No Uruguai do mesmo período, a figura da mulher como filha era especialmente valorizada. Era a jovem, virgem, cantada pelos poetas do romantismo: ela representava a promessa de uma nova terra destinada aos homens. A lembrança de que há sempre um novo território a ser conquistado.

IV.

Toda relação de gênero é também uma relação de poder. Toda construção de papéis de gênero é sempre uma construção social.

Mesmo quando não há guerra, mantém-se as táticas nela utilizadas como forma de controle. É preciso lembrar: manter a dominação sobre a mulher é também forma de garantir o controle social.

O presidente profere: “quem quiser vir aqui fazer sexo com uma mulher, fique à vontade”. Afinal, o corpo da mulher está à serviço, antes de tudo, da nação. O corpo da mulher é um território pronto a ser proclamado pelo homem.
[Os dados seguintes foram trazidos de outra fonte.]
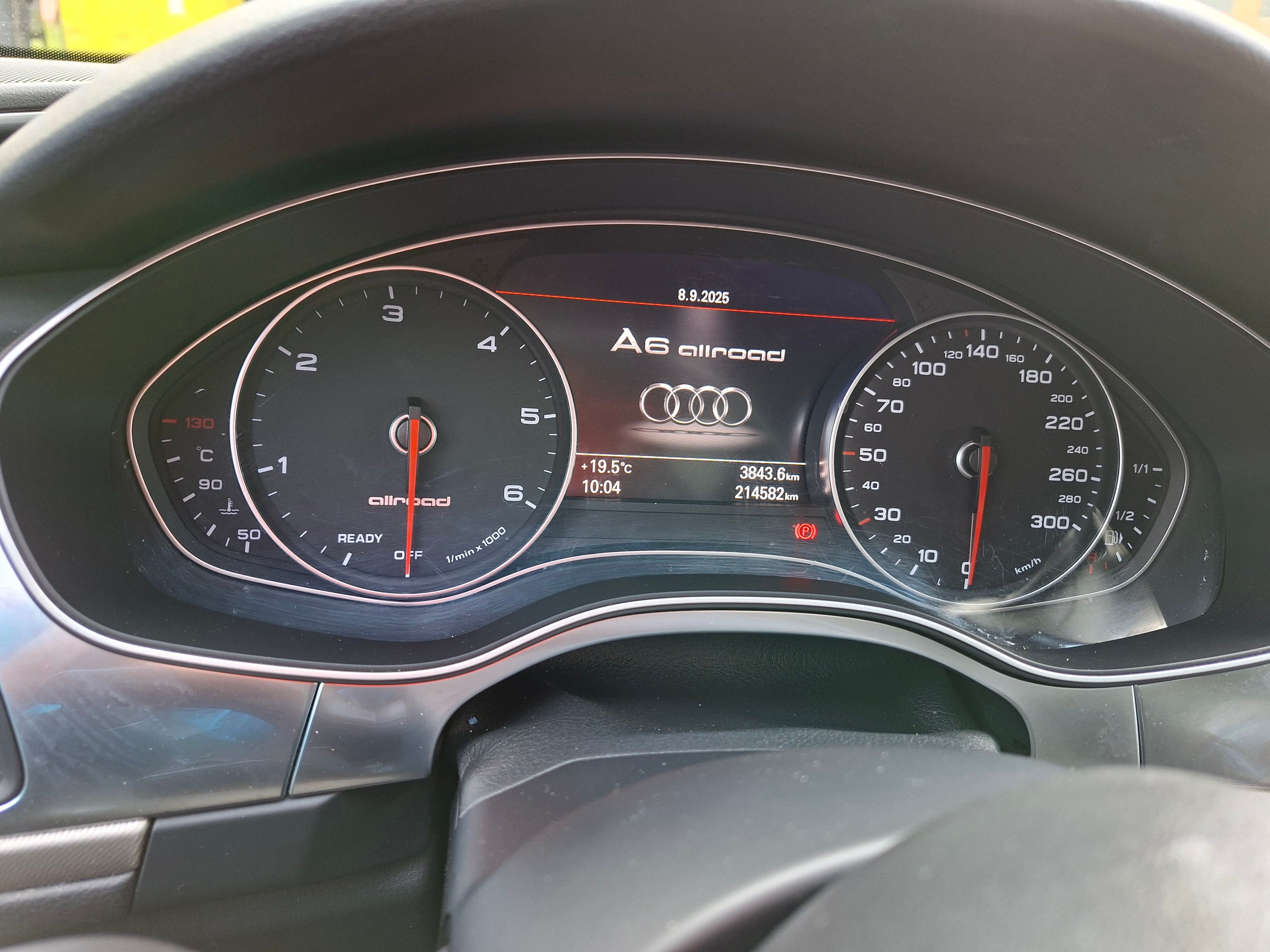Audi A6 allroad, A6 allroad 3.0 biTDI 235kW - fotka 5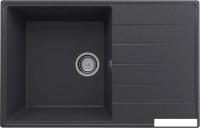 Кухонная мойка Ulgran Quartz Prima 780-08 (космос)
Eu saio na rua, meu corpo está em disputa. Ele é visto como um território a ser assegurado. Eu sou conquistada a cada dia. Ou, a cada dia, me lembram disso. Convivo com os requintes de crueldade presentes nos olhos de tantos homens que cruzam na rua comigo todos os dias.

Eu me deixo conquistar para sobreviver. Em cada relação, em quando me calo, quando aceito, quando é mais fácil obedecer. Há que manter a boa conduta. Meu corpo como território assegurado.

Se escapo à lógica, sou ameaça à estrutura. Se me recuso, sou louca, errada, sozinha, desviante, perigosa. Num mundo que me conquista segundo uma lógica bélica, minha batalha é pela recusa a ser colonizada.

Cada dia, tento desenhar meu próprio mapa. Ele é falho, as linhas tremem. O corpo treme. Ora de alegria, ora de prazer, ora de cansaço ou de medo. Tem dias que consigo, outros não. As linhas oscilam. Na rua, dentro de casa, em cada local que ando, há sempre uma pequena batalha nova. Meu corpo segue, eu resisto. Mas tenho que lembrar, sempre me lembrar, nunca esquecer, mesmo quando dói ou me ferem: como contraponto à guerra, me proclamo meu próprio território.